9 February 2013
If you are looking for alternatives to bank deposits, we recommend structured deposits. The so-called structures are particularly often used by people who have private banking services. It can therefore be concluded that this type of investment is chosen by those with more capital and less risk aversion. However, this may change in the near future as it pays to diversify investments in times of crisis.
Structured products are flexible because on the one hand they protect the capital invested – just like standard savings products – and on the other hand they allow a high rate of return to be achieved – just like investment products. High returns on structured deposits can be achieved through the use of derivatives, which in turn use a leverage mechanism. The capital guarantee, in the case of structured products, is based on the investment of part of the funds in risk-free instruments. For this purpose, e.g. bonds or standard term deposits are used.

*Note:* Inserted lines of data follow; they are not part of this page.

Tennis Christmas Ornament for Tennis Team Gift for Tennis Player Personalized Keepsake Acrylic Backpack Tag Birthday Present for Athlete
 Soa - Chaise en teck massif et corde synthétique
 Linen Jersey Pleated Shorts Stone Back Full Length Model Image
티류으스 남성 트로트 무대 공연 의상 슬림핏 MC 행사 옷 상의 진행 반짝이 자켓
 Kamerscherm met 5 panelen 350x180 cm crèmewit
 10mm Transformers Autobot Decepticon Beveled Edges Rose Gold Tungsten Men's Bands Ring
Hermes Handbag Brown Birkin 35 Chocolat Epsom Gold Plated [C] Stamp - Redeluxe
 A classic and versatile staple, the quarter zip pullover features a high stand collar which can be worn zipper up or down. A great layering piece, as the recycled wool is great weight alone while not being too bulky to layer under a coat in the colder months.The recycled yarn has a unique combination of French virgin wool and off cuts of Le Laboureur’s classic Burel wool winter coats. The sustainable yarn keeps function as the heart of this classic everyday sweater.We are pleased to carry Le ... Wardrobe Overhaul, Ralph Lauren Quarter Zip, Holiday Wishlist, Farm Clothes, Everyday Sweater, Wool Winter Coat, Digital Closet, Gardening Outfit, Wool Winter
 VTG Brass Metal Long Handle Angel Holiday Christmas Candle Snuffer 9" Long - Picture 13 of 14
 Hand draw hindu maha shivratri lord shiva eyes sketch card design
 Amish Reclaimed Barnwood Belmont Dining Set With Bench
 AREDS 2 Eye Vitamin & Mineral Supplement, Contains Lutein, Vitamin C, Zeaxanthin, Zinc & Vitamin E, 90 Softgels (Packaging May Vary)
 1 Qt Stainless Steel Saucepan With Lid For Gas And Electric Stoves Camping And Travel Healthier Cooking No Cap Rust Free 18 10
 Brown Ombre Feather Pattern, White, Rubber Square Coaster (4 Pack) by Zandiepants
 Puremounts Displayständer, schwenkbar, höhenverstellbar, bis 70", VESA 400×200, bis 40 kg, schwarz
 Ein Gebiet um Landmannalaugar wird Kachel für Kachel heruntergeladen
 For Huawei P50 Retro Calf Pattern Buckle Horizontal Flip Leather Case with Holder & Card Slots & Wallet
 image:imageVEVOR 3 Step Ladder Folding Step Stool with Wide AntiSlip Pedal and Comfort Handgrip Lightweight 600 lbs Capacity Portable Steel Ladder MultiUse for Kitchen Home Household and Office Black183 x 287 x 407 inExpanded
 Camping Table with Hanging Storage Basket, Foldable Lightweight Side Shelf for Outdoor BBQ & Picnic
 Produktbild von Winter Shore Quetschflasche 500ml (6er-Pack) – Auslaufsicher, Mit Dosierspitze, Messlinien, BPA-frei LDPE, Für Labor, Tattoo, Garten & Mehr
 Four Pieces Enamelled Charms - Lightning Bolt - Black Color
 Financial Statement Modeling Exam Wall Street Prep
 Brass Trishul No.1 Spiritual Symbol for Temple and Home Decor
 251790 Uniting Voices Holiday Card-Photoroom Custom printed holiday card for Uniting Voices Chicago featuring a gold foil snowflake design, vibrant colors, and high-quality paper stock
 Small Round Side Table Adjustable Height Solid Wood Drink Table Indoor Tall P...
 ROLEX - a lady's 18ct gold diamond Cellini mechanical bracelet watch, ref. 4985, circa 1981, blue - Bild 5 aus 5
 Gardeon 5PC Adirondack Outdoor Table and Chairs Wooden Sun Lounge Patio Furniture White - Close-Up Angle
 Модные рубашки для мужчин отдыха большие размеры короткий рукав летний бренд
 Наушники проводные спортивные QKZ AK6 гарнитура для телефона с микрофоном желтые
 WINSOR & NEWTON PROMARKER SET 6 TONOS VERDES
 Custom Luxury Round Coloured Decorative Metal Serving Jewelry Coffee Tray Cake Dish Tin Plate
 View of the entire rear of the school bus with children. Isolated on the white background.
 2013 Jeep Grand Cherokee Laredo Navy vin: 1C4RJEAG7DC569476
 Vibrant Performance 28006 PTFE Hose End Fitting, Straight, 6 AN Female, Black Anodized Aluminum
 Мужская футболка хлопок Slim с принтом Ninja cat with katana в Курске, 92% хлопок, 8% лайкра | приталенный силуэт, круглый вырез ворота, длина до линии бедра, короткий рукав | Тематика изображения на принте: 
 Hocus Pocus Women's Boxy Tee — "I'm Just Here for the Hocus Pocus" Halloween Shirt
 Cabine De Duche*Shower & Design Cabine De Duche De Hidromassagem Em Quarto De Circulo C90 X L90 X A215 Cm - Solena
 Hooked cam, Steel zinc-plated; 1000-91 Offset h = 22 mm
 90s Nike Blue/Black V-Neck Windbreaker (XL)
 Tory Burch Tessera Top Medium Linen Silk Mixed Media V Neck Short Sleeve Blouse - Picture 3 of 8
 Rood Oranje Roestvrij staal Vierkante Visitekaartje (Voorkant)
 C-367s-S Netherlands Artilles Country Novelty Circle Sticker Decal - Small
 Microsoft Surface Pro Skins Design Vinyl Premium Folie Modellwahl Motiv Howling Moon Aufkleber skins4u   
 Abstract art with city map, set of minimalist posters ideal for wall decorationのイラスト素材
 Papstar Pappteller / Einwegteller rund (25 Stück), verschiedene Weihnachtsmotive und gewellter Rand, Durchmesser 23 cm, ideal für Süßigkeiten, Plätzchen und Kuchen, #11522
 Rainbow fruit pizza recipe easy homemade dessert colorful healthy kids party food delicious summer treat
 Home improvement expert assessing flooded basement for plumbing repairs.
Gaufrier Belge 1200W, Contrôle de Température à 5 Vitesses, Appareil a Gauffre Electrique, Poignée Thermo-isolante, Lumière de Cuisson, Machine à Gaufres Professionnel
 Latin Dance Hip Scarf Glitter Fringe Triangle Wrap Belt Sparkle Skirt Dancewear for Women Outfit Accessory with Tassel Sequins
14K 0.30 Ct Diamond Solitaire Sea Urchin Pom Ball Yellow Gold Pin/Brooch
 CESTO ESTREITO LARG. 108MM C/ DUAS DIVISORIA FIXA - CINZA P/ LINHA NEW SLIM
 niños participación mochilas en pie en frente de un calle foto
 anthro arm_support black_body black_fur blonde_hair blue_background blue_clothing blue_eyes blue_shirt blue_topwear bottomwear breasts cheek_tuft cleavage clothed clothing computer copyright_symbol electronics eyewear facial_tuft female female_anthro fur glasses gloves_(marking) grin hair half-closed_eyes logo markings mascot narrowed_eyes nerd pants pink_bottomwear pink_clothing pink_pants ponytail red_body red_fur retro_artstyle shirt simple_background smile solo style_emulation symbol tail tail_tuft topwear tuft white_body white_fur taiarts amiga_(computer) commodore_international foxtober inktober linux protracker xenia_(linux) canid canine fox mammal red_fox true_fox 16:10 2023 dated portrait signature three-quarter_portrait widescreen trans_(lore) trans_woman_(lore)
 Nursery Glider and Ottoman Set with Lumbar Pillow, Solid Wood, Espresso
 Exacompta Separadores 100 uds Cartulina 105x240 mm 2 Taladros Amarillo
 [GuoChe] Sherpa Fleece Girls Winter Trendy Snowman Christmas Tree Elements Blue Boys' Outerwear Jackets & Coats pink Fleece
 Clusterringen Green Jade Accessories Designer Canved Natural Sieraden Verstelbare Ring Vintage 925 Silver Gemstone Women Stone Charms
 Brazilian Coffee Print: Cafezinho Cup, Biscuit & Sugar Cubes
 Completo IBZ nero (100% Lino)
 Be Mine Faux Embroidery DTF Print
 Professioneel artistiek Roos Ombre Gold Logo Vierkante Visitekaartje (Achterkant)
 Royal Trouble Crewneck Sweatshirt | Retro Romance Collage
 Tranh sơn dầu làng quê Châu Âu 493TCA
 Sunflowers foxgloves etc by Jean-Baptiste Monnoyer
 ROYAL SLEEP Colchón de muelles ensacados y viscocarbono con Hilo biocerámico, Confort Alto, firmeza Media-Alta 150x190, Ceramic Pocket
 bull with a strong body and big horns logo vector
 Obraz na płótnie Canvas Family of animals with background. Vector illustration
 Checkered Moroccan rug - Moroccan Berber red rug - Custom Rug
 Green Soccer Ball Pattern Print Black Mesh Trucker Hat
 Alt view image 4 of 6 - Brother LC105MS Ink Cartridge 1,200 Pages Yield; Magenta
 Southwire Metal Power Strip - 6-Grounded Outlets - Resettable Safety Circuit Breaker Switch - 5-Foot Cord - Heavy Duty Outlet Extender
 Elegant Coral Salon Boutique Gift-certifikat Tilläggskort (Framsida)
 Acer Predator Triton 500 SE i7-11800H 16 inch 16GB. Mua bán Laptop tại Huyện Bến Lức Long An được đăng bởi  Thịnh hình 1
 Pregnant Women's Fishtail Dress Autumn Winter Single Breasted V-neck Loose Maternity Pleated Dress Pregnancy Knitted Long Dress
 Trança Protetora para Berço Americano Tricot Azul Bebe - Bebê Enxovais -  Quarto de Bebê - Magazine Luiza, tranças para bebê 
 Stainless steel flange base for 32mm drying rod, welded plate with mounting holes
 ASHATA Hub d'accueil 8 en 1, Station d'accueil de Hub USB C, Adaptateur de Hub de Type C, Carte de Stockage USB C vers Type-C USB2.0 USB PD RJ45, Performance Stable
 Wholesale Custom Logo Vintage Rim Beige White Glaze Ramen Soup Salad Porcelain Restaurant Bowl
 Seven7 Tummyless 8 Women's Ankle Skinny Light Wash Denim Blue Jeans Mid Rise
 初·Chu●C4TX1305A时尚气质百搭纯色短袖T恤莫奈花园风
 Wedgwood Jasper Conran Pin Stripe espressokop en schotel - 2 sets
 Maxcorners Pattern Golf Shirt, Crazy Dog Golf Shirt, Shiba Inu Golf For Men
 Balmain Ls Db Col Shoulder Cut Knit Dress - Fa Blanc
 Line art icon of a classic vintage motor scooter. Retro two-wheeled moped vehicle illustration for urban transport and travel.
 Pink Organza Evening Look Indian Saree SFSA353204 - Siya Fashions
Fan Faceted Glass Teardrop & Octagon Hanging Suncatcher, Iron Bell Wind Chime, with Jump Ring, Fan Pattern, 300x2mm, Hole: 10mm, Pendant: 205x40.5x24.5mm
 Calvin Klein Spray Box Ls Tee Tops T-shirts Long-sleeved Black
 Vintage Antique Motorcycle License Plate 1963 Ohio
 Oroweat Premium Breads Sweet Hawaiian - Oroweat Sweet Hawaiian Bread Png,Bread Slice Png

A structured investment is based on the underlying instrument. This could be, for example, a stock market index or exchange rates. This construction of a structured product allows for investment in new markets which were not previously available to the customer concerned. It also reduces risk by diversifying the portfolio. Deciding on a structured product we can also count on safety, so that this type of deposits can be a safe haven in times of economic downturn.
Structured products are medium to long-term investments. Profits on a structured investment are difficult to determine at the outset, as the financial result is affected by many variables. The value of the underlying on which the ‘structure’ is based has the greatest impact on profits.
Structured deposits are built from a combination of a profitable investment product and a safe savings product. One of the safe financial instruments used to create structures is an insurance policy. Such a combination guarantees an exemption from capital revenue tax. An example of a structured insurance product is an investment policy or a policy known as a policy deposit. Other financial instruments used in structured deposits are: certificates of deposit, corporate bonds, term deposits.
The greatest advantages of structured deposits are considered to be their great possibilities in the choice of the underlying instrument. This in turn makes it possible to match the structured position to the customer’s preferences. The Client may choose: the type of market on which he will invest; the time horizon of the investment and the proportion of the capital employed in particular instruments. Protection of capital against its loss is another aspect increasing the attractiveness of structured deposits.
Before choosing a structured product, it is first of all necessary to find out what the structure of a given offer looks like. Also important are the costs that will be associated with investing in structured deposits. The most important cost item is the commission, which is charged once at the beginning of the investment and amounts to no more than 3% of the total capital. Another aspect worth highlighting is the amount of the guarantee, since the total amount of capital invested is not always guaranteed. In addition, you need to be aware that a structured investment is a medium- to long-term investment, which means a longer commitment of capital. This is usually a period of more than 12 months. Early withdrawal of funds from a structured deposit may result in the loss of profits and sometimes even additional commissions. The last thing worth noting is the investment risk. It should be analysed whether it is adequate to the potential return on the investment.
A structured deposit is a good alternative to term deposits or bonds. However, you should be aware of all the advantages and disadvantages of this type of product. It is worth noting, however, that structured deposits provide great flexibility in investing savings and high profitability, which is not possible with standard bank deposits.